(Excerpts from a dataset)
+++
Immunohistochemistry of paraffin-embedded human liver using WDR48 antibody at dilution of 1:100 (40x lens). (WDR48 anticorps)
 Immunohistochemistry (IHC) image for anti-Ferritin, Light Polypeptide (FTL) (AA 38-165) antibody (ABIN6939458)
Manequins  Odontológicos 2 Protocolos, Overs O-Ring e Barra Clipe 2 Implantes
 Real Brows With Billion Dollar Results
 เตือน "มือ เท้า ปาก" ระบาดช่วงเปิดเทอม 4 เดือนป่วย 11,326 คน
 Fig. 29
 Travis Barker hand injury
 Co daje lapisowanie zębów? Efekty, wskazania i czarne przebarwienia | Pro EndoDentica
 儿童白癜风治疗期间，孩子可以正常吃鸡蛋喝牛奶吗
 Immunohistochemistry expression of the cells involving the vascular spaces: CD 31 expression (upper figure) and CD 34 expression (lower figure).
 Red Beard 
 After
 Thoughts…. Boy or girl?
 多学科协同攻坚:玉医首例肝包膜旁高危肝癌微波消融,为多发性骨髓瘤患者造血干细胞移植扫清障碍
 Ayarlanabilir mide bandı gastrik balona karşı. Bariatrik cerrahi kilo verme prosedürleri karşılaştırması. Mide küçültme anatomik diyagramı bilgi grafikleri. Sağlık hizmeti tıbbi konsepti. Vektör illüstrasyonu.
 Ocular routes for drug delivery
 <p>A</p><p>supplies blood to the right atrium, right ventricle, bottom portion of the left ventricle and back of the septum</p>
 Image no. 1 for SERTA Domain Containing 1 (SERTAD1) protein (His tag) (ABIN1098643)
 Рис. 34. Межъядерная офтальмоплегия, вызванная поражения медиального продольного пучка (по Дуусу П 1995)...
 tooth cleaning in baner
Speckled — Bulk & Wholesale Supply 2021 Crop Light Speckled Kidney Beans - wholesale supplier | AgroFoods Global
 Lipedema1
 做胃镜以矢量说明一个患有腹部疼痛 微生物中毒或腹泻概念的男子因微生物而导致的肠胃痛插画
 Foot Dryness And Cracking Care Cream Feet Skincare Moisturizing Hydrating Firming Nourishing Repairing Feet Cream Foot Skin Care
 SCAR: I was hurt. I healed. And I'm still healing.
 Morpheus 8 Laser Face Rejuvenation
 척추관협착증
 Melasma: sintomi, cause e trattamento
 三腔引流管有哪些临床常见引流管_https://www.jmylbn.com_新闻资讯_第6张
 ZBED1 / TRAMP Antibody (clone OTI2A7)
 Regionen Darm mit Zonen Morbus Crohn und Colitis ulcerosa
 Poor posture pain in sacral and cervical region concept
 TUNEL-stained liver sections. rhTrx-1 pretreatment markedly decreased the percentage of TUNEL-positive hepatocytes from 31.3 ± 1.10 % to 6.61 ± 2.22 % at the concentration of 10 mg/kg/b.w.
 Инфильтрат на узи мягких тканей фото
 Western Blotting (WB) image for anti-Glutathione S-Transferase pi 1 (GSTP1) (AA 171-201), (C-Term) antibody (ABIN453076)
+++
_Directions_
This task calls for every entry above to be transcribed exactly.

_Written reply_
Immunohistochemistry of paraffin-embedded human liver using WDR48 antibody at dilution of 1:100 (40x lens). (WDR48 anticorps)
 Immunohistochemistry (IHC) image for anti-Ferritin, Light Polypeptide (FTL) (AA 38-165) antibody (ABIN6939458)
Manequins  Odontológicos 2 Protocolos, Overs O-Ring e Barra Clipe 2 Implantes
 Real Brows With Billion Dollar Results
 เตือน "มือ เท้า ปาก" ระบาดช่วงเปิดเทอม 4 เดือนป่วย 11,326 คน
 Fig. 29
 Travis Barker hand injury
 Co daje lapisowanie zębów? Efekty, wskazania i czarne przebarwienia | Pro EndoDentica
 儿童白癜风治疗期间，孩子可以正常吃鸡蛋喝牛奶吗
 Immunohistochemistry expression of the cells involving the vascular spaces: CD 31 expression (upper figure) and CD 34 expression (lower figure).
 Red Beard 
 After
 Thoughts…. Boy or girl?
 多学科协同攻坚:玉医首例肝包膜旁高危肝癌微波消融,为多发性骨髓瘤患者造血干细胞移植扫清障碍
 Ayarlanabilir mide bandı gastrik balona karşı. Bariatrik cerrahi kilo verme prosedürleri karşılaştırması. Mide küçültme anatomik diyagramı bilgi grafikleri. Sağlık hizmeti tıbbi konsepti. Vektör illüstrasyonu.
 Ocular routes for drug delivery
 <p>A</p><p>supplies blood to the right atrium, right ventricle, bottom portion of the left ventricle and back of the septum</p>
 Image no. 1 for SERTA Domain Containing 1 (SERTAD1) protein (His tag) (ABIN1098643)
 Рис. 34. Межъядерная офтальмоплегия, вызванная поражения медиального продольного пучка (по Дуусу П 1995)...
 tooth cleaning in baner
Speckled — Bulk & Wholesale Supply 2021 Crop Light Speckled Kidney Beans - wholesale supplier | AgroFoods Global
 Lipedema1
 做胃镜以矢量说明一个患有腹部疼痛 微生物中毒或腹泻概念的男子因微生物而导致的肠胃痛插画
 Foot Dryness And Cracking Care Cream Feet Skincare Moisturizing Hydrating Firming Nourishing Repairing Feet Cream Foot Skin Care
 SCAR: I was hurt. I healed. And I'm still healing.
 Morpheus 8 Laser Face Rejuvenation
 척추관협착증
 Melasma: sintomi, cause e trattamento
 三腔引流管有哪些临床常见引流管_https://www.jmylbn.com_新闻资讯_第6张
 ZBED1 / TRAMP Antibody (clone OTI2A7)
 Regionen Darm mit Zonen Morbus Crohn und Colitis ulcerosa
 Poor posture pain in sacral and cervical region concept
 TUNEL-stained liver sections. rhTrx-1 pretreatment markedly decreased the percentage of TUNEL-positive hepatocytes from 31.3 ± 1.10 % to 6.61 ± 2.22 % at the concentration of 10 mg/kg/b.w.
 Инфильтрат на узи мягких тканей фото
 Western Blotting (WB) image for anti-Glutathione S-Transferase pi 1 (GSTP1) (AA 171-201), (C-Term) antibody (ABIN453076)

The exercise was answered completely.